# [WORK REQUEST]
Take the entries below and print only the lines from the one with "11787558087, Anti Corrosion" through the one with "Recambio de cerradura", exactly as they stand, both ends included.

# [INFORMATION GIVEN]

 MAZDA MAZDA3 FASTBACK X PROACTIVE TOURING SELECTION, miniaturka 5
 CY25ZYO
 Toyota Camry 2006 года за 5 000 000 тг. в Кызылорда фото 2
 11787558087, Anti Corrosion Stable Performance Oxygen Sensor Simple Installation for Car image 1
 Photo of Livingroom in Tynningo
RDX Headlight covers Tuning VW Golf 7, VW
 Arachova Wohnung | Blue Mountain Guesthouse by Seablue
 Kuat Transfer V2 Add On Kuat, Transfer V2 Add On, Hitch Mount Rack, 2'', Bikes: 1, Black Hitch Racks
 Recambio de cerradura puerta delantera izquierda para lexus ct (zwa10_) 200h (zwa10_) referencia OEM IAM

...

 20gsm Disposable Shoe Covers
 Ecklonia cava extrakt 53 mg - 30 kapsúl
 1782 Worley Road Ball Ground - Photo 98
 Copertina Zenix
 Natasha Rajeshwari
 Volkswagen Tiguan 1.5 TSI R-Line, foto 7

* * *

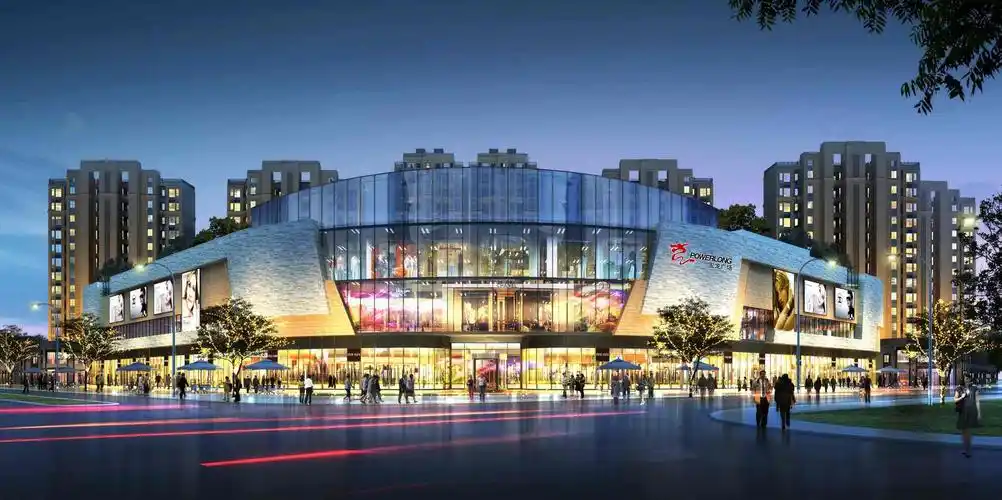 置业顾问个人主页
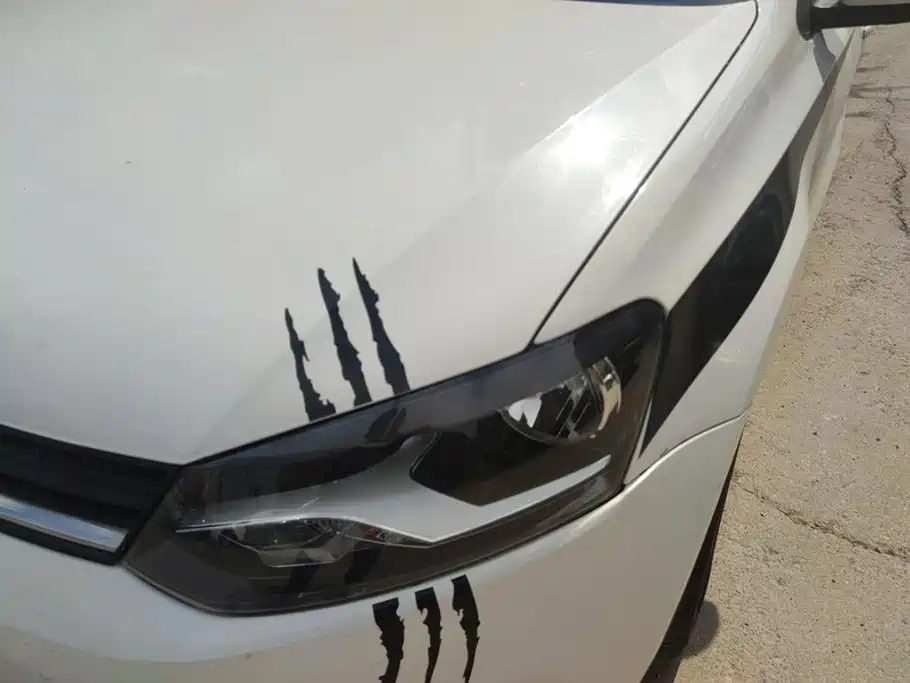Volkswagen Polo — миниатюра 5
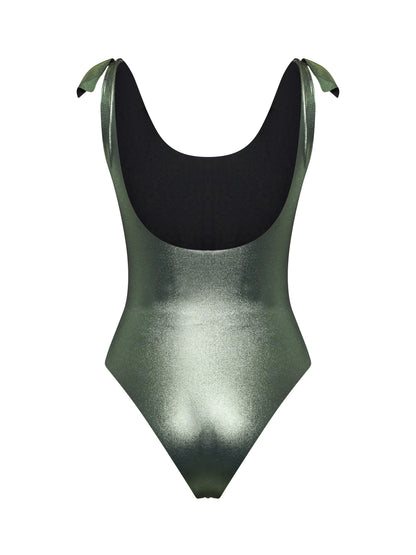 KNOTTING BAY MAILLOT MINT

# [RESPONSE TO THIS TASK]
 11787558087, Anti Corrosion Stable Performance Oxygen Sensor Simple Installation for Car image 1
 Photo of Livingroom in Tynningo
RDX Headlight covers Tuning VW Golf 7, VW
 Arachova Wohnung | Blue Mountain Guesthouse by Seablue
 Kuat Transfer V2 Add On Kuat, Transfer V2 Add On, Hitch Mount Rack, 2'', Bikes: 1, Black Hitch Racks
 Recambio de cerradura puerta delantera izquierda para lexus ct (zwa10_) 200h (zwa10_) referencia OEM IAM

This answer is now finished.